3.1 Test numbers
Identify the dispersion of test data and the impact of test numbers on HPTM results using the coefficient of variation (CoV) through A-series testing. Figure 6 illustrates that CoV slightly decreases as the strength of the mortar increases. When the test number increases by six, the CoV of each mortar strength increases. Therefore, each value of HPTM obtained from the six test results was selected as the standard number of tests, less than 10% is acceptable.

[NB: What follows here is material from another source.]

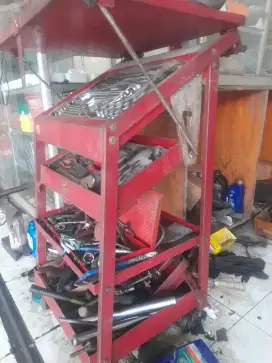 Dicari mekanik sepeda motor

The comparable CoVs for the mortar cube test, double impact test, spiral pull-out test, and pin penetration test are 11%, 25%, 20%, and 12%, respectively, and these tests were conducted at 28 days [15]. It is worth noting that a limitation of NDT technology is the high dispersion of experimental results, which is caused by the inherent discreteness of mortar and possible surface degradation. The dispersion of HPTM test results is close to that of PDT.
3.2 Stability of Test Results
The COVs of HPTM test values for CM and CLM mixtures at 28, 45, 60, 90, 120, and 180 days are given in Figure 7. Each COV at testing ages was derived from six samples. The CoV curve fluctuates as the age increases, and the corresponding CoV change range is between 5.5% and 10.5%, indicating that the age have less influence on the stability of the HPTM test results.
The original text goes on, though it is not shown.